Çünkü ortak bir mücadelede birleşmeyecekse, şu ya da bu konuda fikir birliğinin oluşmasının bir kıymeti olmaz, olamaz.

Çünkü sermaye ve hükümetleri, krizin faturasını işçilere, emekçilere, halka yıkmak için her çareye, her yönteme başvurmakta kararlı olduklarını göstermektedir.

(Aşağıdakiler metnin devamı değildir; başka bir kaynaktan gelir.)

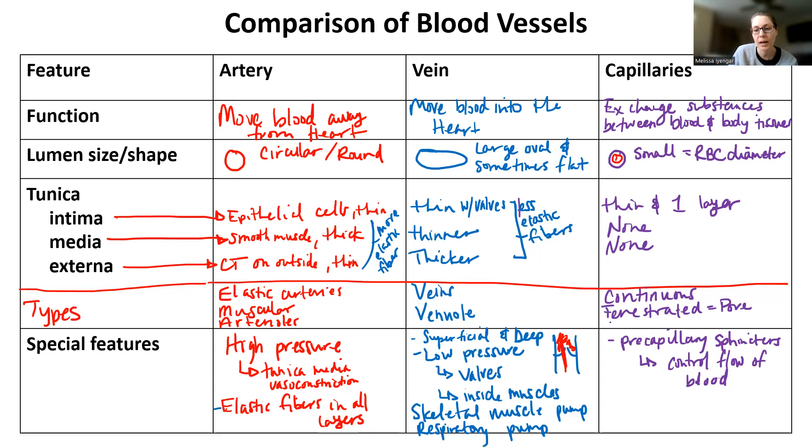The last type is called sinusoidal. The sinusoidal capillaries have large holes — pretty big openings that allow blood cells to move through, like red blood cells and white blood cells. Sinusoidal capillaries are usually found in places like bone marrow, the spleen, and the liver, whereas fenestrated capillaries are found in places where you do a lot of capillary exchange, such as the digestive system and the kidneys.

Sadece Cumhurbaşkanı ve hükümet de değil sermaye güçleri, Meclis çoğunluğu, emniyeti, savcıları ve yargıyla da bu topyekün seferberlik halindedir. 3. havalimanı işçilerinin en haklı talepleri için başvurdukları barışçıl eylemde bile 33 işçinin tutuklanması emek cephesine karşı sermaye güçlerinin nasıl bir kararlılık içinde olduklarının göstergesidir.

Bu yüzdendir ki, Türk-İş ve DİSK’in görüşmesi ne sadece bir “görüşme” olarak kalmalı ne de sadece “Türk-İş ve DİSK’in görüşmesi” olarak kalmalıdır. Tersine DİSK ve Türk-İş, bir yandan ortak bir mücadele için adımlar atarken öte yandan da irili ufaklı tüm konfederasyon ve bağlı sendikaları, (başlıca emek örgütlerini de) ortak bir mücadele çizgisinde birleştirmek için ellerindeki her imkanı seferber etmek durumundadırlar.

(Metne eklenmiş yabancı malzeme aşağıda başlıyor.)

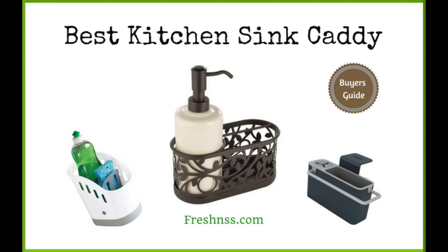A sink organizer solves the problem of keeping wet sponges and brushes off your sink bowl. The best kitchen sink caddy will increase your kitchen's overall cleanliness while also reducing the presence of germs and bacteria residing amongst the dirty dishes. Additionally, the right caddy will be aesthetically pleasing as well. We've researched and discovered the eight top-rated kitchen sink caddies as well as the two worst to avoid, now for thefreshness.com reviews.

Çünkü bu mücadele, “ucundan kıyısından tutularak”, “yasak savmak” türden eylemlerle üstesinden gelinebilecek bir mücadele değildir.

Çünkü;

- Önümüzdeki iki buçuk ay içinde 6-7 milyon işçiyi doğrudan ilgilendiren “asgari ücret”in belirleneceği,

- Yılbaşından itibaren kamu ve özelde birçok iş kolunda TİS görüşmelerinin başlayacağı, bu görüşmelerde hükümetin ve patronların, “kriz koşulları”nı devreye sokarak TİS’leri baskılamak isteyeceği,

- “Taşeron”dan “kadroya” geçirilen işçilerin ücret ve ve öteki haklarının yeniden belirlenmesi ve tüm işçi ve emekçilerin “ek zam” taleplerinin aciliyet kazandığı,

- “Kriz” gerekçesiyle işten atılmalarının yaygınlaşmaya başladığı,... dikkate alındında, sendika merkezlerinin ortak mücadele için harekete geçmesinin ertelenemeyeceği bir dönemden geçtiğimiz apaçıktır.

DİSK ve Türk-İş, “şu taleplerimiz ortak” diyerek kamuoyu karşınsa çıkıp açıklamalar yaptıklarına göre, artık zaman geçirmeden birer sendika merkezi olarak üstlerine düşeni yapmada zaman kaybetmemek durumundadırlar.

Kuşkusuz ki, bu görüşme ve kamuoyuna yapılan açıklamalar, gerek ileri işçi-emekçi kesimleri gerekse her sektörden, her kademeden mücadeleci sendikacılar tarafından olumlu karşılanmıştır. Ama konfederasyonlar düzeyinde atılacak adımların gerektiği kadar ilerye doğru ve çabuk olabilmesi için işyeri ve şubelerden desteknmesinin önemli oluğunu da yakın geçmişin deneyimlerinden biliyoruz.

Bu yüzden de gerek birer birer işyerlerinden, gerekse şubeler ve yerel sendikal platformlardan ortak mücadele için çağrılarının dile getirilmesi bugün ayrıca bir öneme sahiptir.